Astronomers narrow down where 'Planet Nine' could be hiding by playing massive game of 'connect the dots'

An artists intepretation of Planet Nine shows a large dark planet with the sun in the distance.

Scientists have narrowed down the likely hiding place of the elusive "Planet Nine," after ruling out more than three-quarters of the hypothetical world's suspected orbital pathway. In a new study, the researchers — who have been looking for the planet for almost a decade — said they believe they could find the elusive world in the next few years.

Planet Nine, also known as Planet X, is a theoretical planet that is rumored to exist in the outer solar system. The Planet Nine hypothesis was first proposed in 2016 by Caltech astronomers Michael Brown and Konstantin Batygin. The pair put forward their hypothesis after other astronomers detected a series of objects in the Kuiper Belt — a large disk of asteroids and comets beyond the orbit of Neptune — that had unusually warped orbits around the sun. After analyzing these objects, Brown and Batygin decided that only a massive planet's gravitational pull could explain the orbital anomalies.  

In the years since, Brown and Batygin (along with others) have filled in more pieces of the Planet Nine puzzle: The enigmatic entity is likely around seven times more massive than Earth, which would make it the fifth-largest planet in the solar system, and it's probably located somewhere between 500 and 600 astronomical units from the sun (between 500 and 600 times farther away than Earth is from our home star). 

However, there is still some uncertainty about Planet Nine's eliptical orbit, which could take anywhere between 5,000 and 10,000 years to complete and is likely slightly tilted compared with the orbits of the known planets, or where it is in its orbital cycle. As a result, all previous attempts to find the planet have fallen short.

In the new study, which was uploaded to the preprint database arXiv on Jan. 31, Brown, Batygin and Matthew Holman, an astrophysicist at Harvard University, used data collected by the Panoramic Survey Telescope and Rapid Response System (Pan-STARRS) observatory in Hawaii to search for Planet Nine along and around its suspected orbital pathway.

The trio analyzed 78% of the region where Planet Nine is likely to be; the rest of this space currently lies too far away for Pan-STARRS to see it clearly. Yet Planet Nine was nowhere to be seen. (These findings have not yet been peer-reviewed.)

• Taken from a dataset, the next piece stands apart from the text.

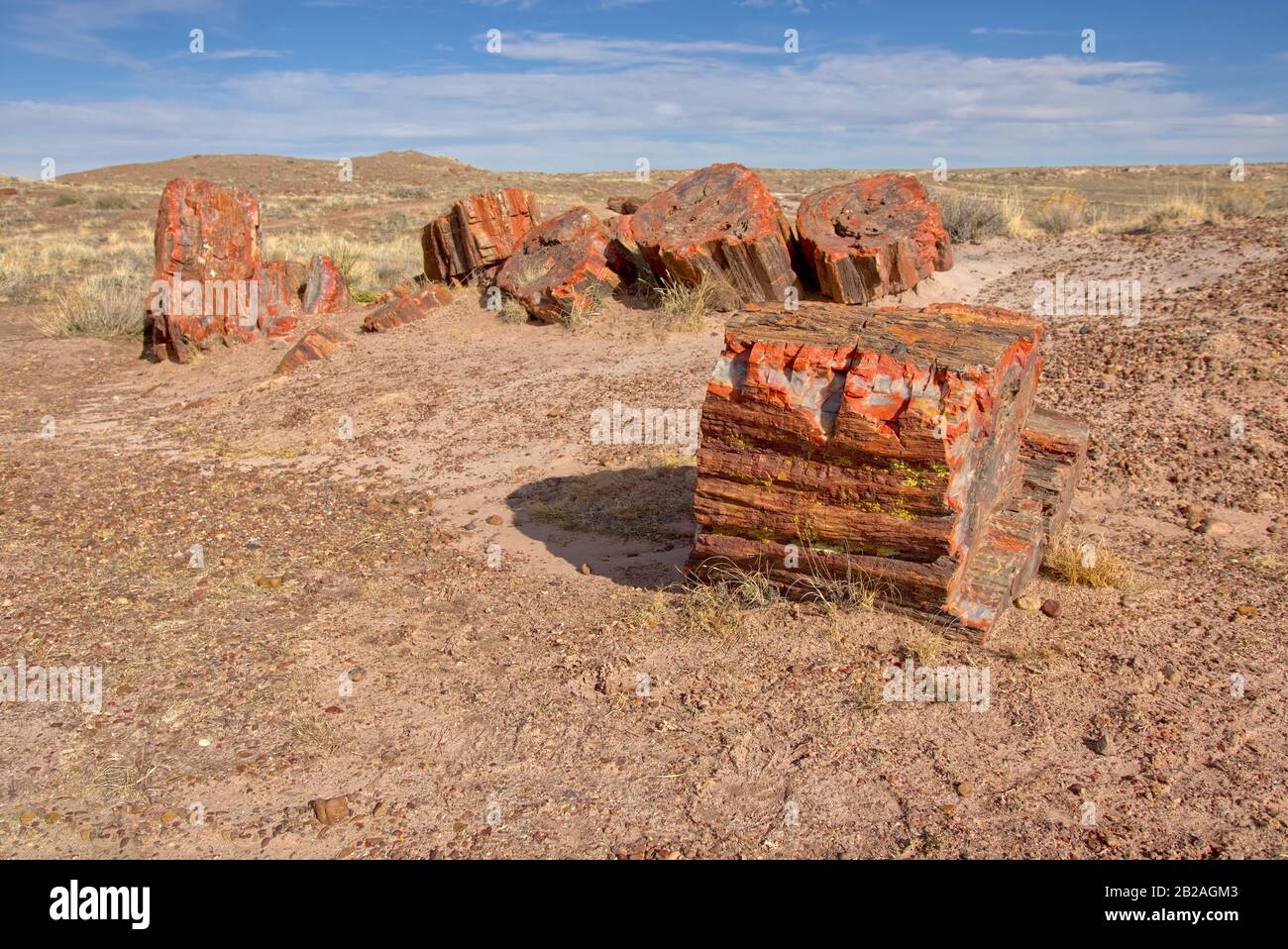 Broken Petrified Wood, Jasper Forest, Petrified Forest National Park, Arizona, USA Stockfoto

"We have ruled out most of the places where the planet could be," Brown told Live Science. "Now we have to do the much harder job of searching the area that is further away." 

Related: 10 out-of-this-world solar system discoveries made in 2023

Compared to the known planets, Planet Nine's orbit is much more elliptical, or stretched out, and is not on the same plane around the sun. (Image credit: Getty Images)

Using the Pan-STARRS data, the team scoured Planet Nine's orbital pathway at monthly intervals. The goal was to detect bright objects that moved positions every month. 

This may sound straightforward, "but there are many things in the sky that change month after month," such as asteroids and comets, Brown said. "As a result, it's like playing a game of connecting the dots in a very computationally intensive way."

To ensure they didn't miss Planet Nine, the team added more than 50,000 fake Planet Nines to the data. They "spotted" 99.9% of these decoy planets, meaning the chances of the team having missed Planet Nine in the search region are "really small," Brown said. As a result, the team thinks Planet Nine is somewhere in the most distant 22% of its proposed orbital pathway. 

Brown and Batygin are currently working on the "next level" of the survey by using data from the Subaru Telescope, also in Hawaii. This data should also be able to help them sort through most of the space that they have been unable to reach, as well as increase their certainty that Planet Nine isn't in the space already surveyed. 

If that fails, the upcoming Vera C. Rubin Observatory, which is due to switch on in 2025, could help find the planet. 

"Within a year of that telescope operating, I think we'll find it," Brown said.